I'm struggling with this precisely because we are in this mess because I didn't express my emotions.
I have another idea.
I can send the email (I should do it tonight) about dividing up stuff. Just business.
Then, one more piece of disentangling: we signed up as domestic partners thru my workplace twenty years ago. I picked up the form in September, to see what it said about dissolving DP. I should have had both of us sign it and send it in within 30 days.
Well, I certainly wasn't capable of that at that time.
So, what if I send the business email tonight. And send the dissolving DP form with the note about being sorry about all this. So the two things are separate.
I don't think I will get a blast of hate, this is all your fault, blah blah. I expect silence. When I wrote out my heart to him in the first days post-bomb (on the advise of therapists) I had to ASK if he had read it. He responded: "yes, thank you for the thoughts." So, just a non-committal, gee that's great you feel that way, too bad for you answer. I would expect to get that or nothing, most likely nothing. Especially if I preface it with: I don't expect a reply; this is for me.

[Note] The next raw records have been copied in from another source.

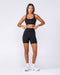 Muscle Nation Sports Bras Full Force Bra - Black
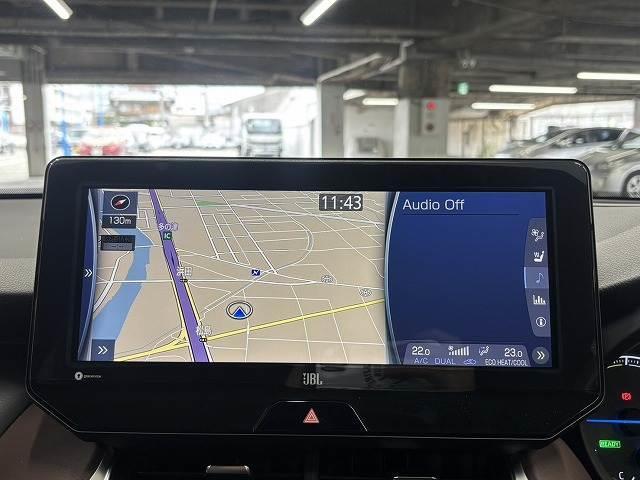 Toyota HARRIER HYBRID 2021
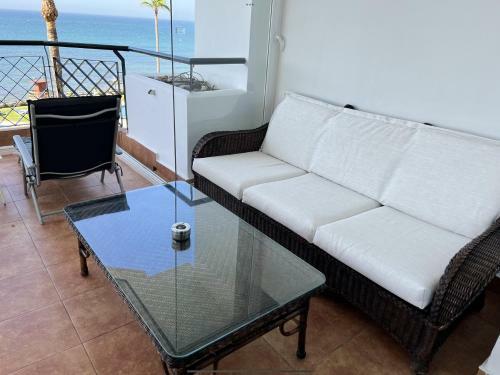171 - Mi Capricho Beachfront Apartment In The Costa Del Sol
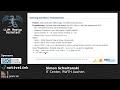 Simon Schwitanski - Utilizing ThreadSanitizer for HPC Correctness Checking [LLVM Meetup Darmstadt]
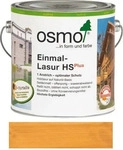 OSMO Einmal-Lasur HS Plus -9221 Kiefer-0,75 Liter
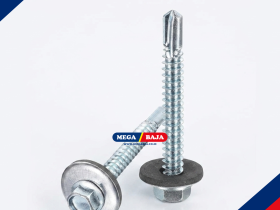Baut Self-Drilling Screw : Rekomendasi Enam Teknik Perakitan Kuda-Kuda Rangka Atap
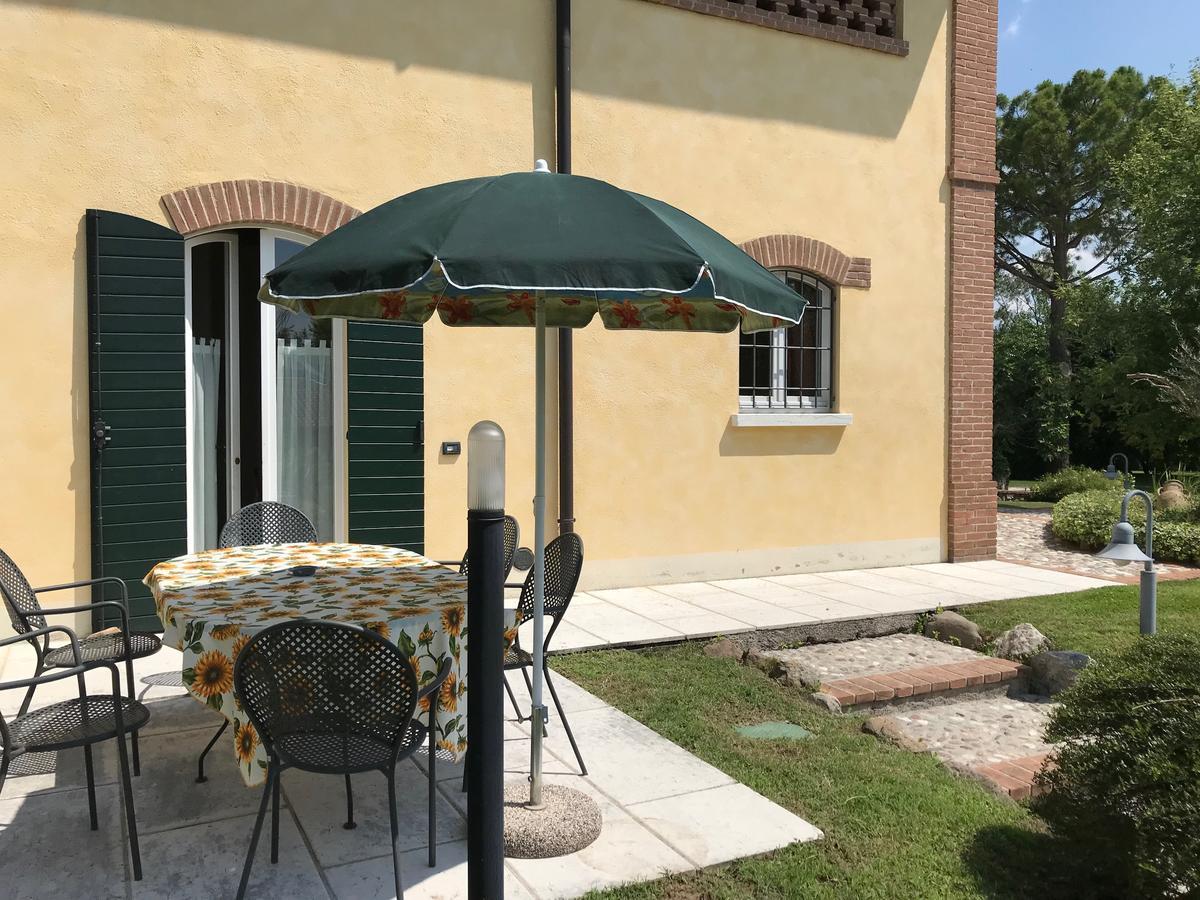 Agriturismo Corte Salandini Ponti sul Mincio Exterior photo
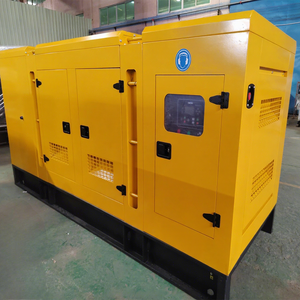 Generadores de Energía Diésel de 200KW, 300KW, 500KW, Generadores de <span class=keywords><strong>Electricidad</strong></span> de 500KW con Motor Cummins Baudouin - Product Image 1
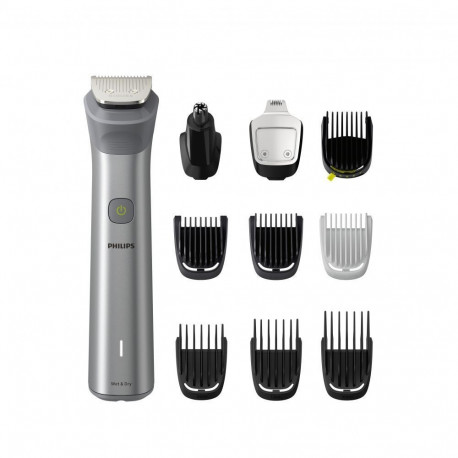 Philips All-in-One Trimmer | MG5920/15 | Cordless | Wet&Dry | Number of length steps 11 | Silver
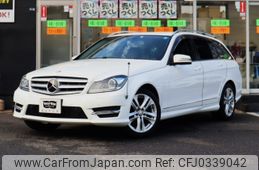 mercedes-benz c-class-station-wagon 2013 -MERCEDES-BENZ--Benz C Class Wagon DBA-204249--WDD2042492G221815---MERCEDES-BENZ--Benz C Class Wagon DBA-204249--WDD2042492G221815-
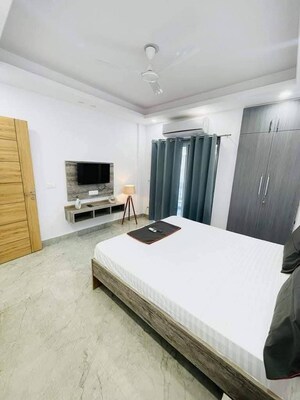 Bedroom in 2 BHK Apartment at Sunidhi Park, Vasai East – for Sale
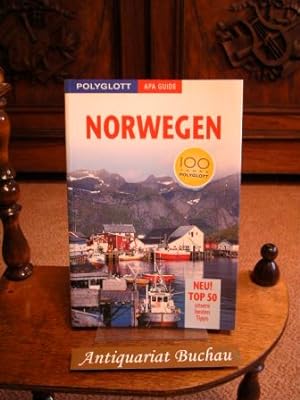Norwegen. Polyglott-Apa-Guide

Spending WAYY too much time thinking about him/her. Having found out that she is still not working (from his mom) I then went into thoughts of him signing her up for health care coverage thru his work. Bigamous in a way, no? As my workplace still thinks we are together!
I got him off all beneficiary things, so in no way is my workplace responsible if he falls under a truck, so legally I think I am OK, though legally I should have submitted the dissolution of DP status months ago.
So--what's your feedback? A business like email; a letter with the DP form saying some heart stuff.
I have been a crying mess the past week anyhow--wow, this is another stage of grief, hitting me like a brick fricking wall--how much worse can it get?
I SO appreciate your caution about opening myself up to hurt.